The Polestar 1 is a 619-horsepower grand touring coupe. It goes further on a charge than any other plug-in hybrid and got 45 mpg in not-exactly leisurely driving. It blitzes corners like a metaphor and is comfortable enough to drive your mother to Kohl’s. It’s meticulously crafted and looks like hot, sophisticated sex. It’s basically everything one could ever hope for in an awesome car with an environmental conscience.

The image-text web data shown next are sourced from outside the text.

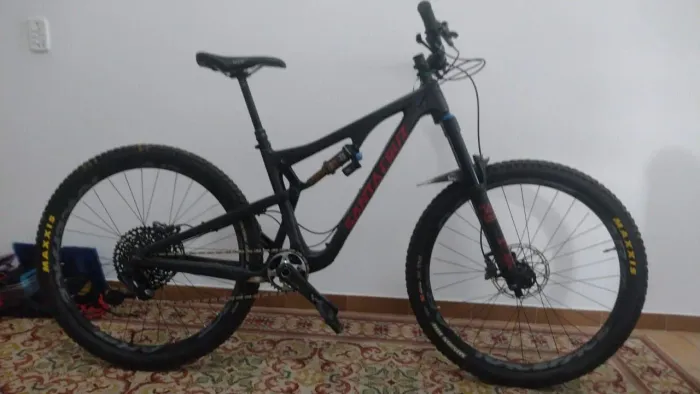 Mountain bike Santa Cruz carbono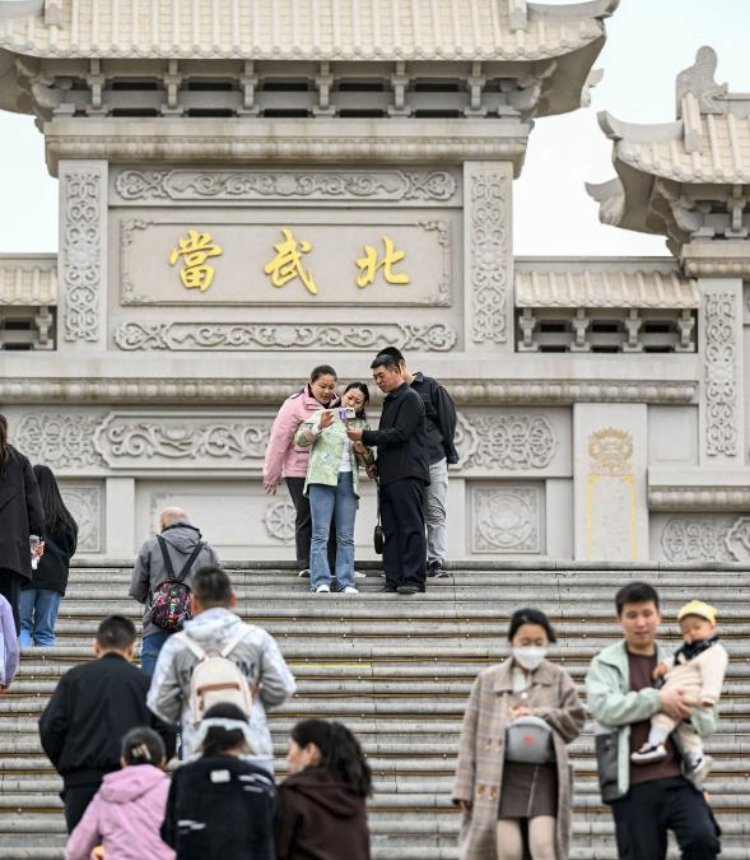 Tourists visit Beiwudang scenic area in Shizuishan City, northwest China's Ningxia Hui Autonomous Region, April 5, 2024. Lots of people opted for a short travel getaway during the three-day Qingming holiday. (Xinhua/Feng Kaihua)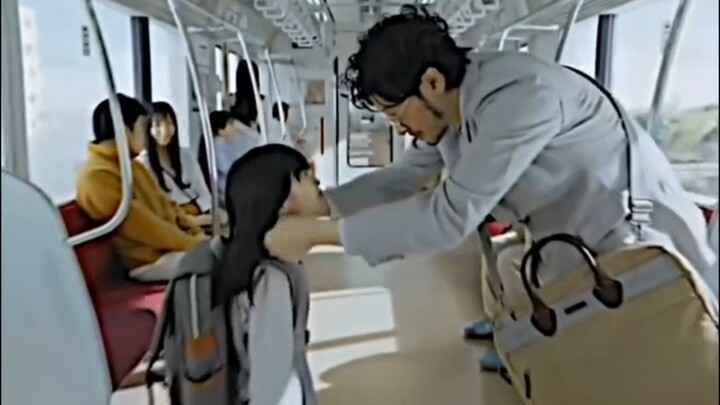รถไฟฟ้าเหมือนกัน แต่ญี่ปุ่นสามารถสร้างออกมาได้สองแบบสุดขั้ว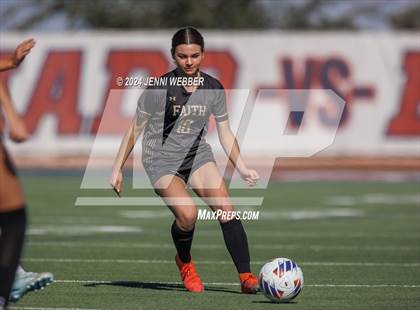 Thumbnail 3 in Coronado vs. Faith Lutheran (NIAA 5A Semifinal) photogallery.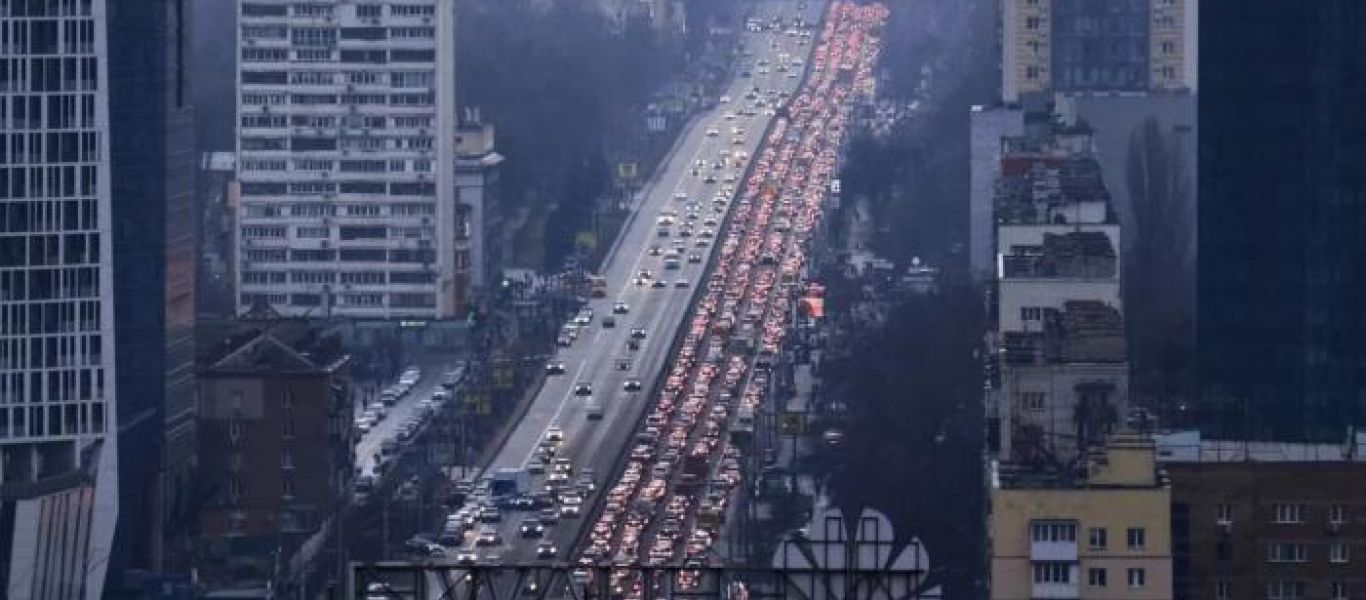 Κίεβο: Ατελείωτες ουρές στα βενζινάδικα για καύσιμα (βίντεο)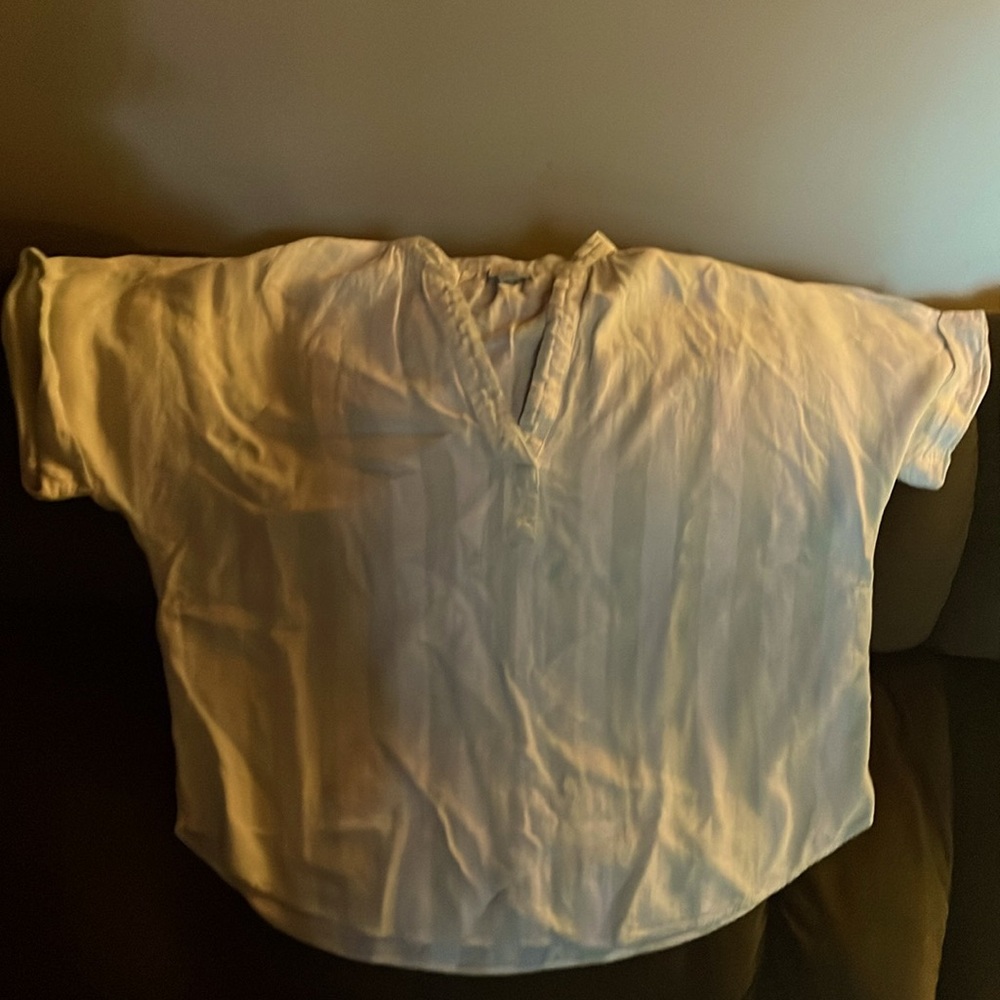 A New Day Women’s V-Neck Top Mint Green & White Cuffed Short Sleeves Size XL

And too bad, you can’t have one. Effectively. Only 500 per year will be sold globally with a price tag of $156,000, so although it’s certainly possible, you’ll need all that cash and a strong elbow to work past that guy from Oslo ahead of you in line. And judging by the reaction to the car during the press launch, the line might be long. Rarely has a car caused so many heads to swivel and bystanders stop to ask, “What kind of car is that?” It’s understandable – it looks the way it does, but there’s also an intrigue to the Polestar that goes beyond what you’d get driving an electric green Lamborghini through town. It’s the unknown element that piques curiosity, and owning something that causes such a reaction is bound to swell that annual queue past 500.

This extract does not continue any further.